"He still does not look old."
Translation:Han ser fortfarande inte gammal ut.
se on its own just means see. se ut is a particle verb, ut must be stressed, and together it means 'look' like in 'what you look like'. Unfortunately the verb and its particle are easily parted, like here, adverbs generally go between them, so it's easy to miss that this is one verb consisting of two words.
It's an adjective. The adverb would be gammalt, but you can only use the adjective here. To be more specific, it's a predicative expression. you can read more about the category here: https://en.wikipedia.org/wiki/Predicative_expression
Here is another source for information about predicate adjectives, which includes this list "of verbs that act as linking verbs only when followed by an adjective. When followed by a noun, these verbs are action verbs."
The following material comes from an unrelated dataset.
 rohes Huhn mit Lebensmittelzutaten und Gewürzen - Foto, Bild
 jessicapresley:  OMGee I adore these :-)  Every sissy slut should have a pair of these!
There are rules, but they are pretty complex. Here's a good page that explains it, unfortunately only in Swedish. http://www.student.umu.se/under-studietiden/studieverkstad/skriftliga-uppgifter/skrivrad-och-sprakhjalp/ordfoljd-i-huvudsatser-och-bisatser/#
Thanks. If I managed to learn German adjective declination (http://cs617328.vk.me/v617328457/5cc4/F6VXY5Vsb90.jpg) I think I can learn anything XD
Since "Ser ut som" = "To look like" shouldn't be "Ser ut [something]" = "To look [something]"? If this is the case i should translate "He looks old" as "Han ser ut gammal"
Or, maybe, "ser ut som" is just a set expression to say "to look like" and i should use the following structure "Ser [something] ut" for all the other cases, translating the sentence "He looks old" ad "Han ser gammal ut".
Could someone save me from my cluelessness?